Beijing’s loan process is different from other countries, as it requires a project management consultant and a contractor to be locked in first before loan negotiations can begin. This issue was first brought up in a Senate hearing in 2019.
“For the Japanese ODA (Official Development Assistance) loan, the loan agreement is signed first before the bidding process. But with China, the bidding process comes before the loan agreement is signed,” said then-Bases Conversion and Development Authority president and chief executive officer Vince Dizon.
In the case of the Subic railway system, Dizon said that the Chinese government would have to give a list of accredited contractors first before the Philippine government can implement its own rules and choose contractors.
“The project is bidded out using the budget for the project approved by NEDA (National Economic and Development Authority) and goes through the typical bidding process. After the project has been awarded [to the bidder], then that amount is what will be negotiated by DOF (Department of Finance) in terms of payment,” Dizon told lawmakers.
In May 2022, the short list of contractors was brought up as the main issue for why the Mindanao railway project got stalled.
Then-transportation undersecretary for railways TJ Batan said that the Philippines requested the short list of contractors back in 2019, but China had yet to provide the candidates for the design-and-build contract for the P85-billion railway project.

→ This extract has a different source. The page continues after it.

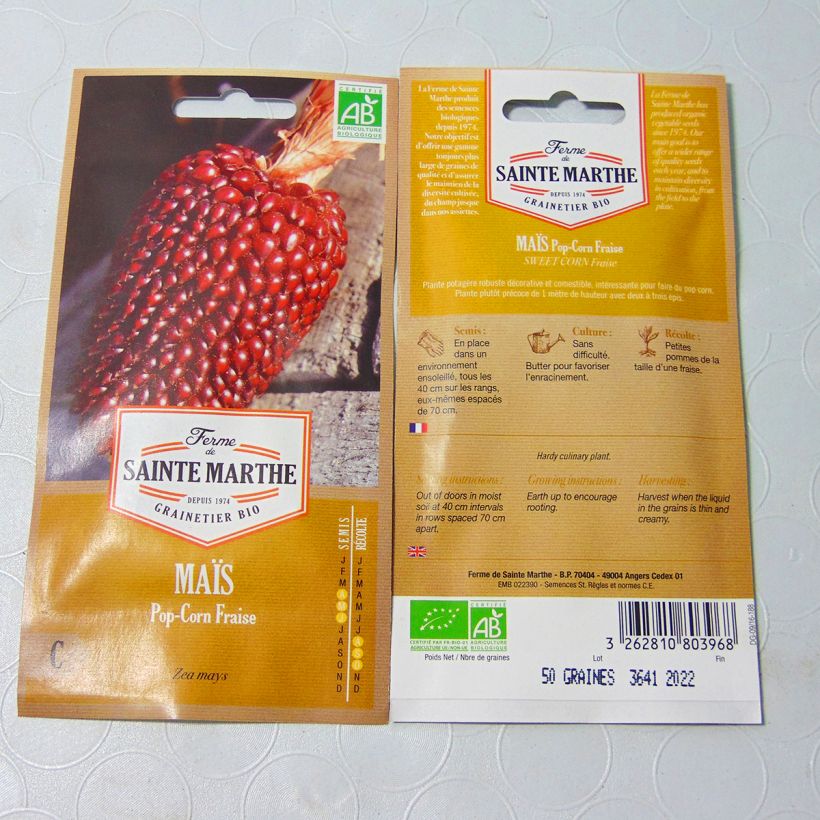 Exemple de spécimen de Maïs Fraise Pop Corn Bio - Ferme de Sainte Marthe Graines tel que livré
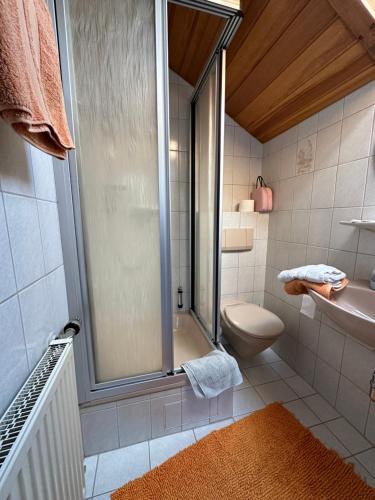 a bathroom with a shower and a toilet and a sink at Apartment Kranzberg in Mittenwald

The bidding-now-loan-terms-later policy was not the only issue that bugged legislators.
China, which accounts for 65% of bilateral debt among developing nations, has a reputation of wanting countries to sign waivers and settle disputes using Chinese laws. It also wants things under wraps through confidentiality clauses.
A paper by US-based research lab AidData revealed that China’s loan deals with developing countries are “unusually secretive,” even going so far as to ask repayment of Chinese loans first ahead of other creditors. (READ: Database reveals secrets of China’s loans to developing nations, says study)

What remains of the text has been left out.